§ **PROBLEM**: An exact transcription is needed, starting at the line containing "Cambridge IGCSE Sciences" and running through the last line of the records, with every picture left out.

(Short descriptive text snippets)
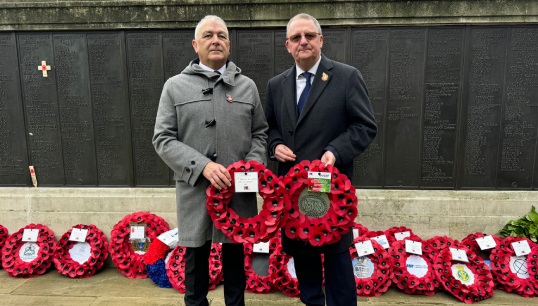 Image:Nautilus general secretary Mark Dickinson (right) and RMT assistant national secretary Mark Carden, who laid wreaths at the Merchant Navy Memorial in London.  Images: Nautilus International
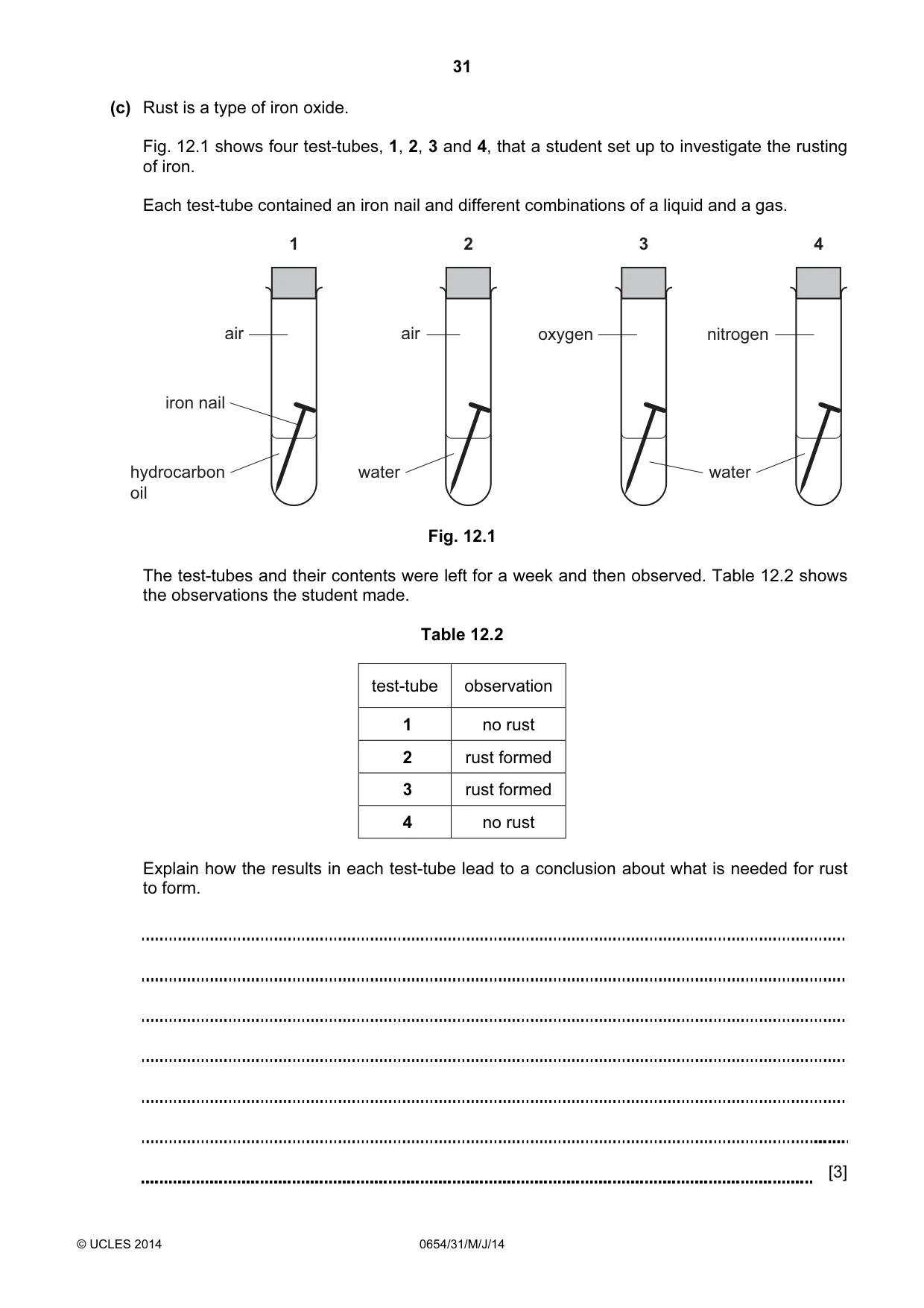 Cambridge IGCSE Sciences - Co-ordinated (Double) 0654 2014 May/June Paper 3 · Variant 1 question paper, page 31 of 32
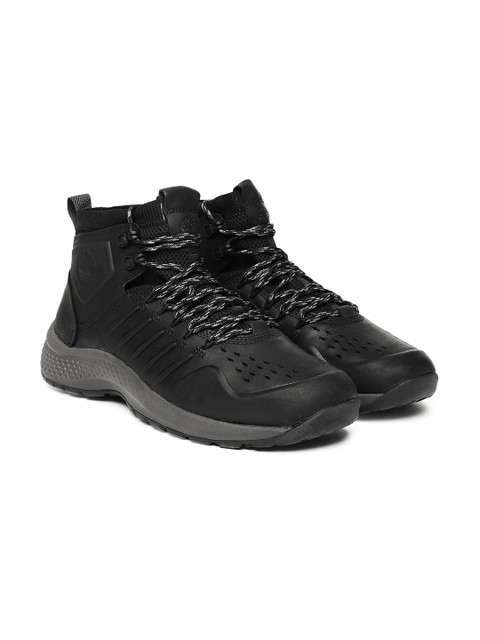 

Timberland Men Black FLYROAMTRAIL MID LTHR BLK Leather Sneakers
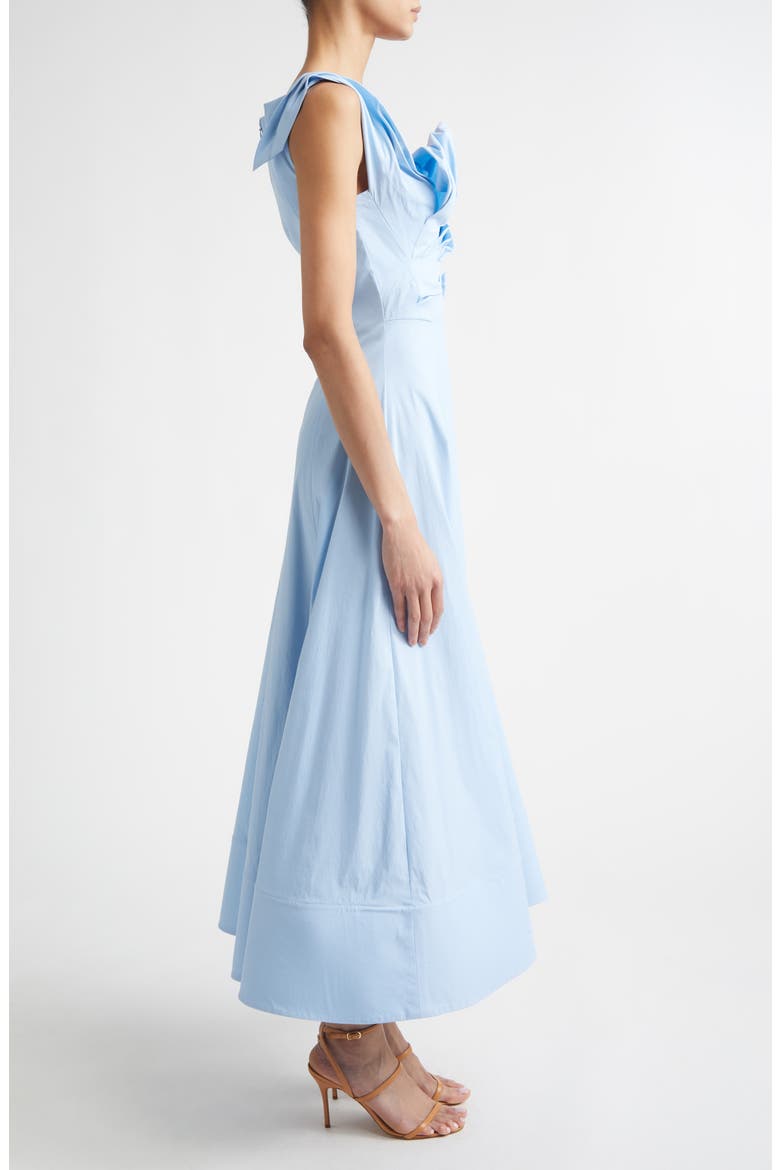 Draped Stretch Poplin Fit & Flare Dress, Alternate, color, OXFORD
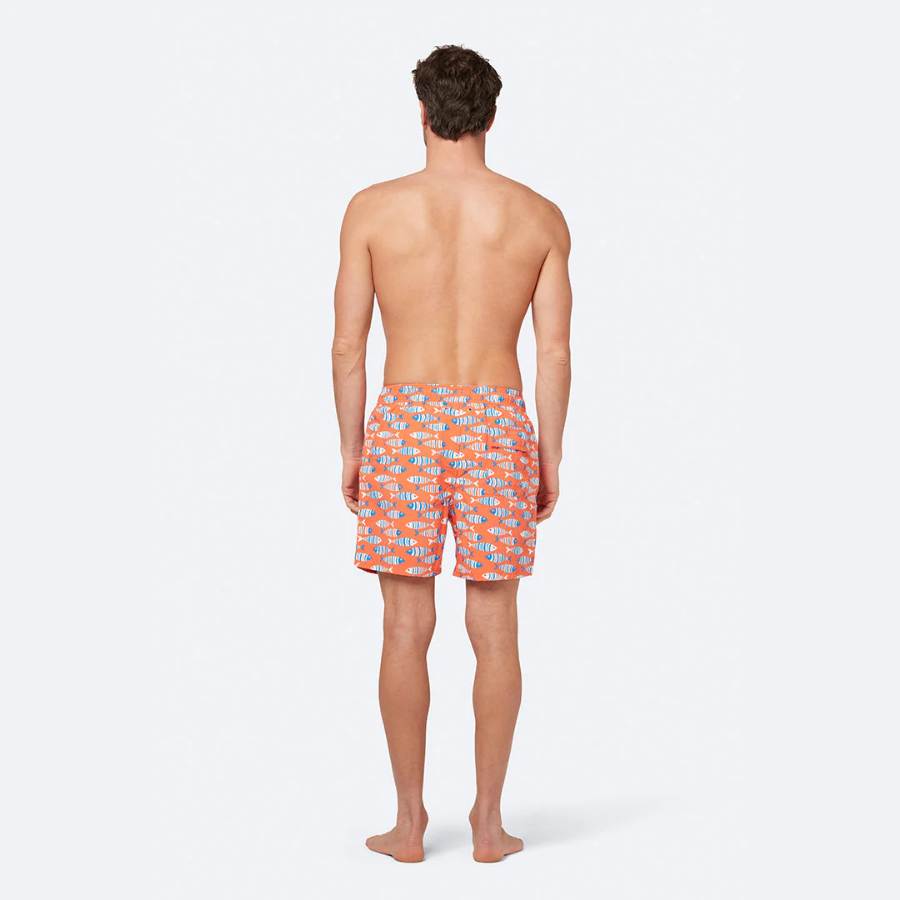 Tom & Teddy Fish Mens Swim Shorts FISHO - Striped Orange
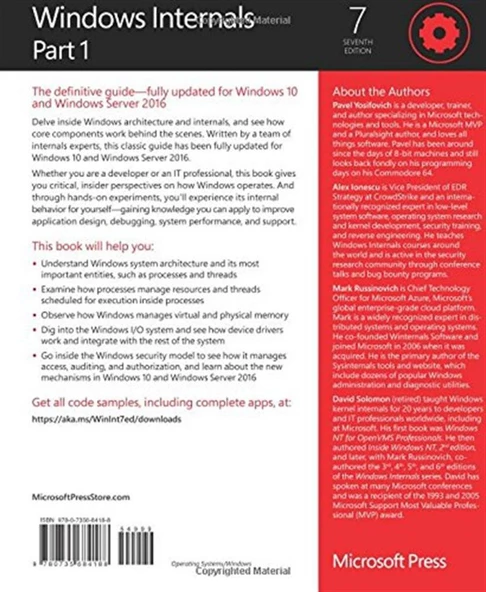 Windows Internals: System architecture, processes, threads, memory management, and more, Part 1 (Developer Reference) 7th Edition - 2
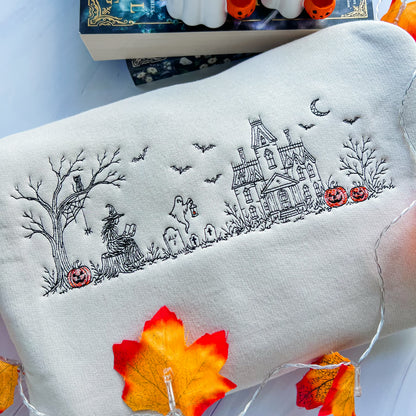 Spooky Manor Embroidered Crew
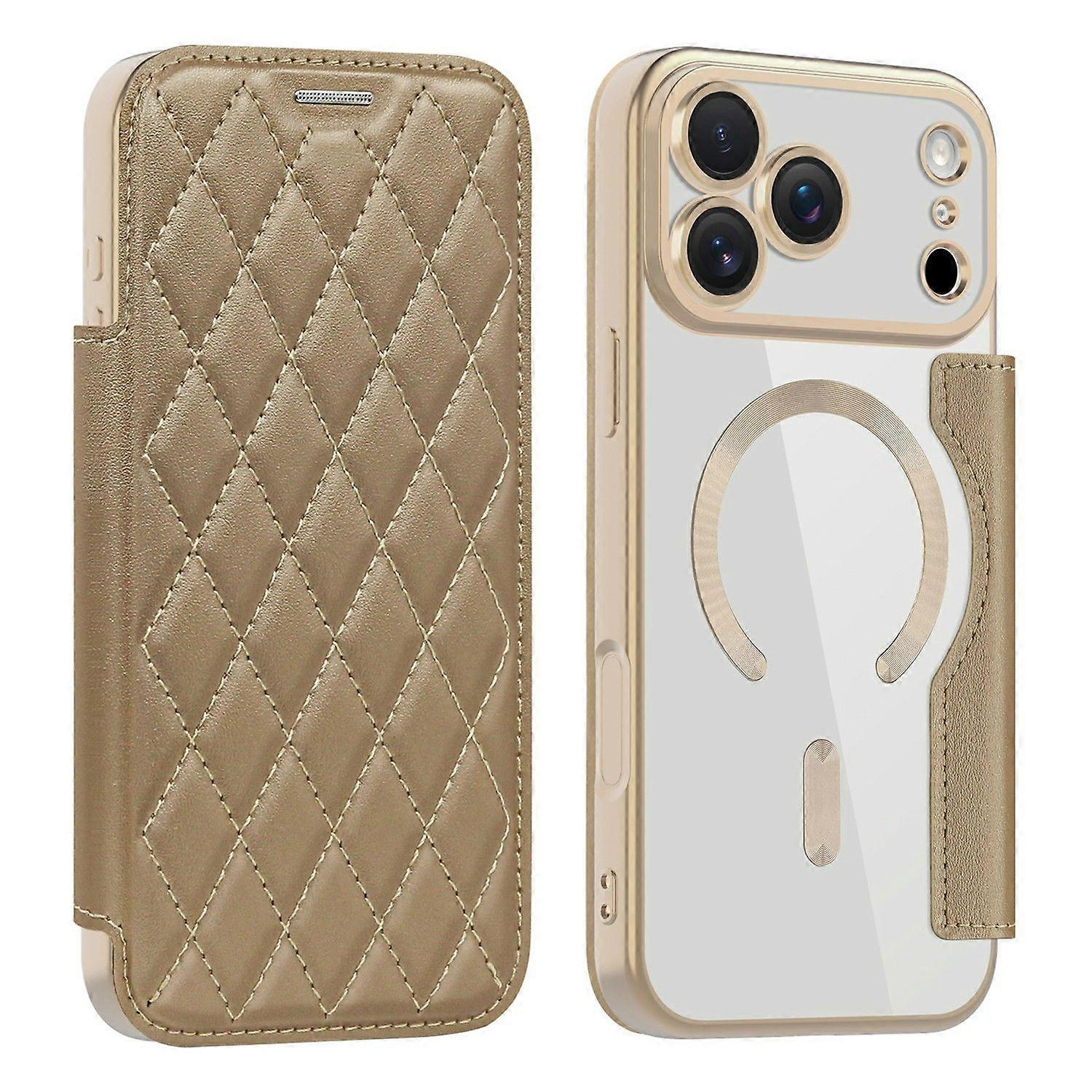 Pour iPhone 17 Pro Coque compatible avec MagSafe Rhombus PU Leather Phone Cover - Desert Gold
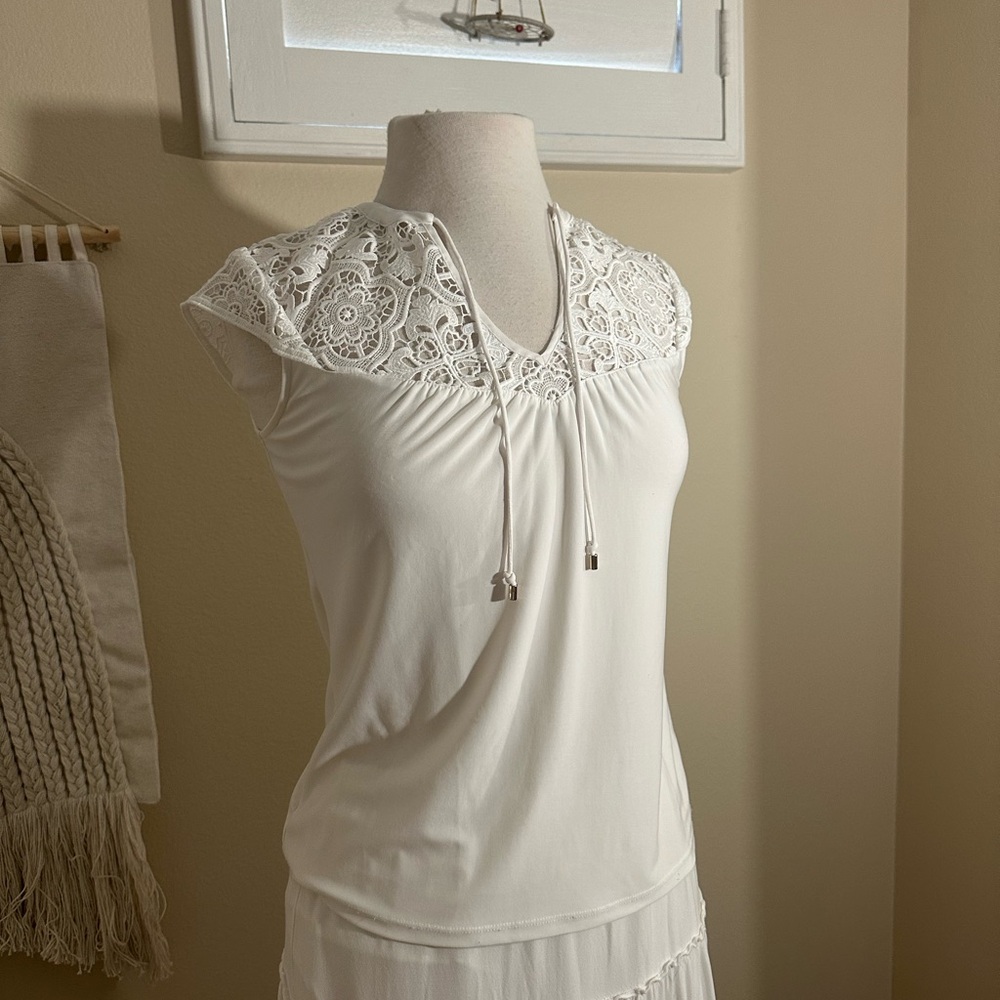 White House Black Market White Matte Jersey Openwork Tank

§ **ANSWER FOR THIS EXERCISE**:
 Cambridge IGCSE Sciences - Co-ordinated (Double) 0654 2014 May/June Paper 3 · Variant 1 question paper, page 31 of 32

Timberland Men Black FLYROAMTRAIL MID LTHR BLK Leather Sneakers
 Draped Stretch Poplin Fit & Flare Dress, Alternate, color, OXFORD
 Tom & Teddy Fish Mens Swim Shorts FISHO - Striped Orange
 Windows Internals: System architecture, processes, threads, memory management, and more, Part 1 (Developer Reference) 7th Edition - 2
 Spooky Manor Embroidered Crew
 Pour iPhone 17 Pro Coque compatible avec MagSafe Rhombus PU Leather Phone Cover - Desert Gold
 White House Black Market White Matte Jersey Openwork Tank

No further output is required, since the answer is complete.